Idioms

1. A PIECE OF CAKE: Something that is very easy to do.

  • Learning English is a piece of cake for me.
  • She thought that this exam is going to be a piece of cake.
  • Teaching is a piece of cake for you if you are a skilled teacher.
  • If you have the right people with you then life becomes a piece of cake for you.

There is no need to worry about you computer. I’ll fix it. It’s a piece of cake for me.

2. HIT THE NAIL ON THE HEAD: To do exactly the right thing; to do something in the most effective and efficient way.

  • You hit the nail on the head when you speak about corruption.
  • The teacher hit the nail on the head when he said that you don’t need to worry about making mistakes when you speak English.
  • We thought that we hit the nail on the head when we told him that he spoke too much.
  • Well done Aakash, you have hit the nail on the head.

3. YOU CAN’T JUDGE A BOOK BY ITS COVER: It means that you can’t judge the quality or character of someone or something just by the outer appearance.

  • He looks dumb but he is very intelligent. You can’t judge a book by its cover.
  • Even though the situation looks bad on the surface but u can’t judge a book by it’s cover.
  • Even though he lives a simple life, he is actually the richest man in town, you can’t judge a book by its cover.
  • That professor may seems slow and awkward, but you can’t judge a book by it’s cover. He is one of the brightest minds in his field.
  • You should not trust a stranger by the clothes he wears. You can’t judge a book by it cover.

4. BITE OFF MORE THAN YOU CAN CHEW: To try to do more than you can do.
By starting another company he bit off more than he can chew.

  • I thought I could finish this report by Monday.
  • I bit off more than I could chew.
  • I started working on the hard problems first and quickly realised I was biting off more than I could chew.
  • You should carefully estimate the cost of the project first.
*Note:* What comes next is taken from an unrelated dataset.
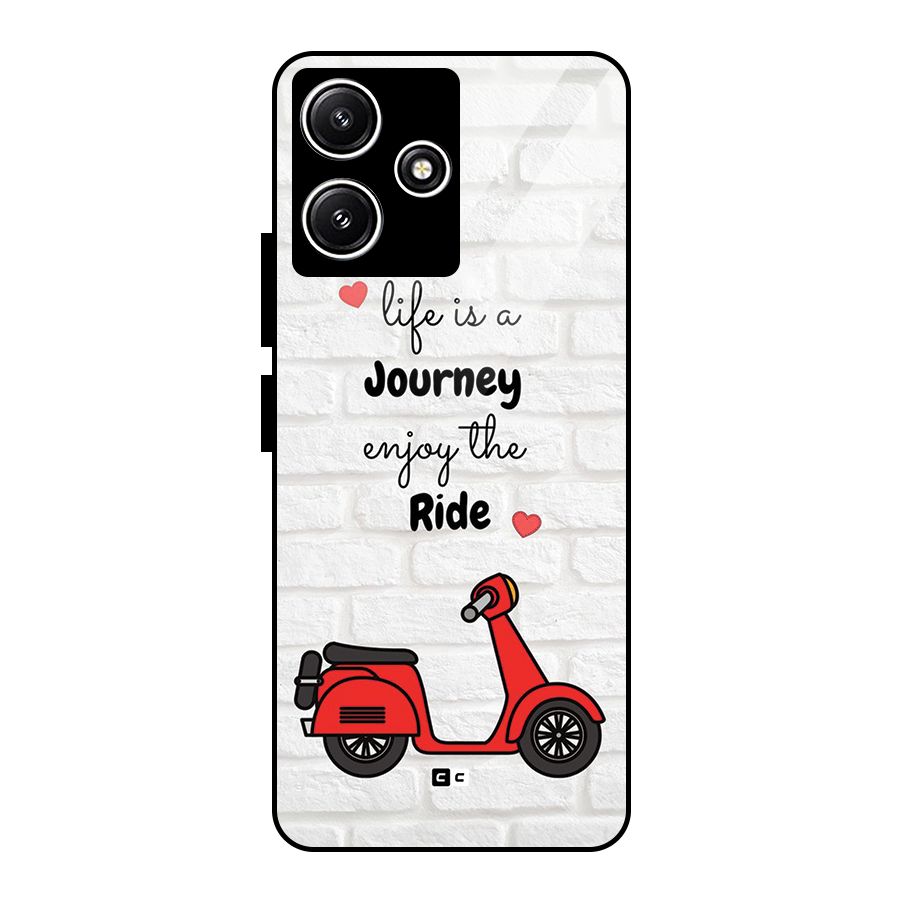 Life Is A Journey Glass Back Case for Poco M6 Pro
Don’t bite off more than you can chew.
  • If you want to succeed in life you should not bite off more than you can chew.
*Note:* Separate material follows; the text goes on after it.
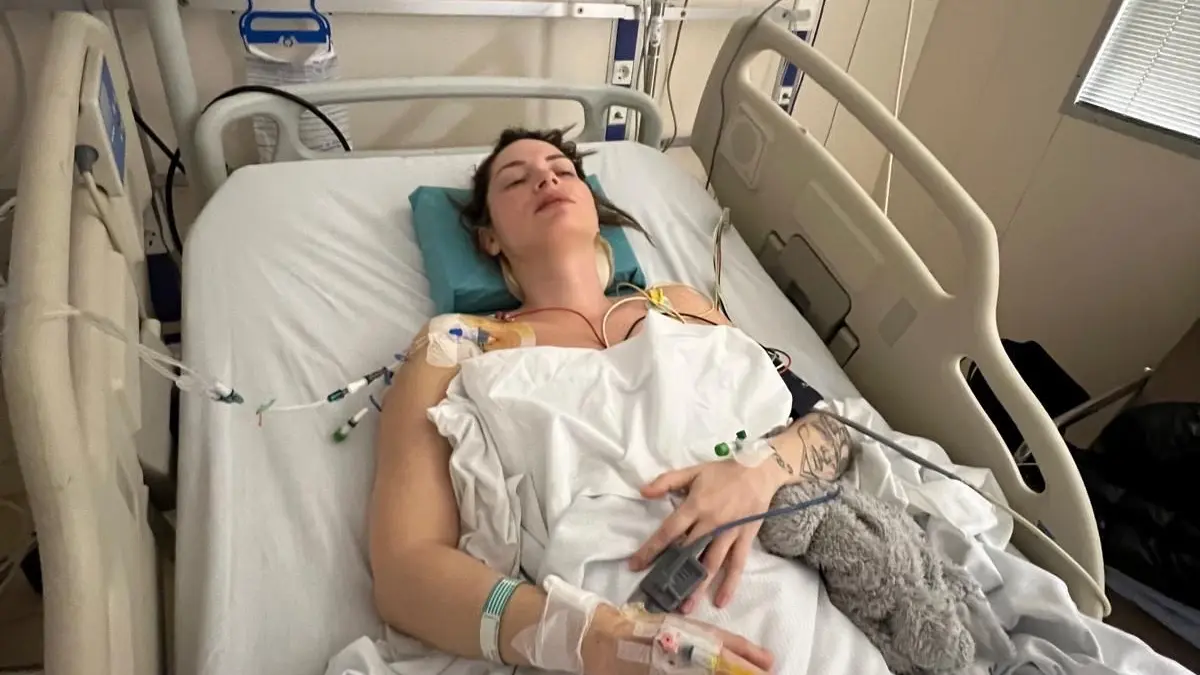 Sarah Gradtke in der Klinik.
5. LET THE CAT OUT OF THE BAG: To reveal a secret or surprise by accident.

  • Mr. Snowden let the cat out of the bag when he made the secret military documents public.
  • She let the cat out of the bag occidentally when she mentioned him in front of the guests.
  • It’s a secret. Try not to let the cat out of the bag.
  • When he glanced at the door, he let the cat out of the bag. We knew then that he was expecting someone to arrive.

Tom let the cat out of the bag when he mentioned the name of the movie.
           
6. SCRATCH SOMEONE’S BACK: To do someone a favour in return of a favour.

  • We both are in trouble and we should help each other. So, you scratch my back and i’ll scratch yours.
  • We suspect that he has been scratching his boss’s back.
  • When the time comes I will be ready to scratch your back.
  • There is no need for you to scratch my back.
  • You do my homework and i’ll do your chores. You scratch my back and i’ll scratch yours.

7. ACCIDENTALLY ON PURPOSE: If you do something intentionally but pretend it was an accident. You do it accidentally on purpose.

  • I accidentally on purpose deleted his phone number, so I couldn’t contact him again.
  • I didn’t like his glasses so I dropped them accidentally on purpose.
  • She accidentally on purpose forgot to bring his address with her, so that we are not able to visit him.
  • She missed the meeting accidentally on purpose.
  • I missed the school bus accidentally on purpose to escape the exam.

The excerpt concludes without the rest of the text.